Je constate par ailleurs que nous assistons actuellement autour de ce dossier dans les médias et les médias sociaux à des échanges diamétralement opposés souvent irrespectueux et parfois même haineux et menaçants. Un tel climat ne fait avancer en rien la discussion. Plus il y a des tensions, plus les discours semblent devenir radicalisés et polarisés, moins un dialogue serein permettant de sortir grandi de cette crise peut s’établir.
Notre communauté mérite mieux et je me réjouis de constater que ses membres ont ces derniers jours et en dépit de prises de positions divergentes, néanmoins convergé sur l’essentiel : une université ouverte où les missions fondamentales s’articulent dans le respect intégral des libertés dont la liberté académique et de la dignité de chacun de ses membres et où tous méritent d’être traités avec dignité et non d’être marginalisés. Il y a consensus là-dessus et il faut s’en réjouir.
L’heure est au calme et j’invite toutes celles et ceux qui souhaitent s’exprimer de le faire avec retenue pour éviter d’envenimer davantage le débat. On conviendra que le mépris, la diffamation et les mots irrespectueux ne sont pas de mise et ne contribuent en rien à enrichir les échanges. Ces mots peuvent difficilement mener à une conversation de qualité, conversation à laquelle nous aspirons une fois que la tempête actuelle sera passée. Car ne vous méprenez pas : je souhaite que ce débat ait bel et bien lieu.
Les questions de liberté académique et liberté d’expression sont fondamentales. Le respect de la dignité de la personne l’est tout autant. Les questions souvent troublantes doivent être abordées avec doigté, même dans nos milieux académiques. Chaque professeur a le devoir d’établir un environnement d’apprentissage sain et respectueux. Chaque professeur doit favoriser les échanges, même difficiles, sans pour autant brimer les droits d’autrui. Je sais que c’est un souci omniprésent chez chaque professeur de notre université.
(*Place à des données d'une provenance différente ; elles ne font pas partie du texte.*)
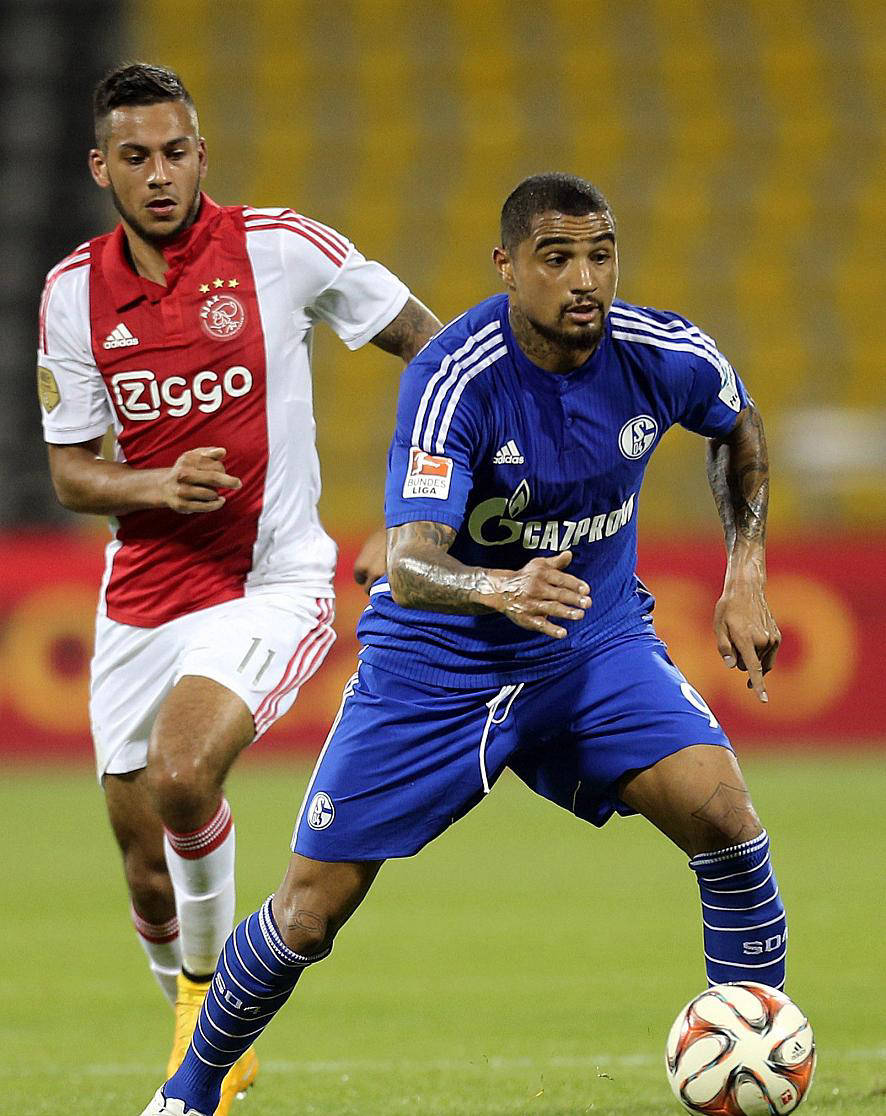 阿贾克斯队员调整状态备战对阵 阿贾克斯队员调整状态备战对阵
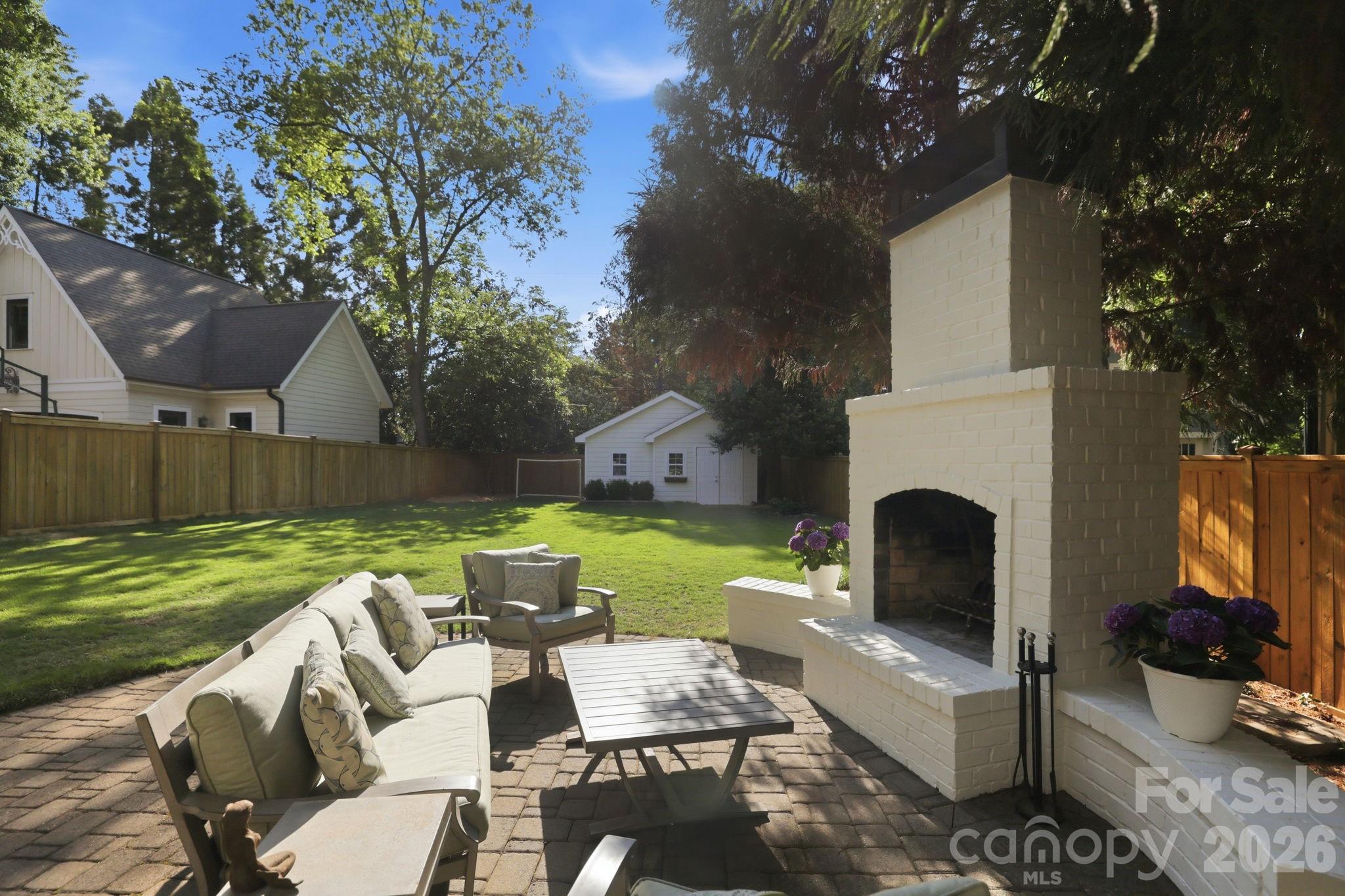 2927 Somerset Drive — Charlotte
En terminant, permettez-moi de réitérer mon engagement profond et celui de l’Université d’Ottawa, de poursuivre nos efforts à favoriser le développement de la pensée critique sur nos campus. Je sais que certaines conversations seront difficiles – elles le sont déjà - mais nous avons une obligation collective de faire en sorte que le dialogue demeure respectueux et fructueux. Nous le devons à nos étudiants, nous nous le devons comme communauté et le devons à la société. Nous devons et pouvons faire mieux.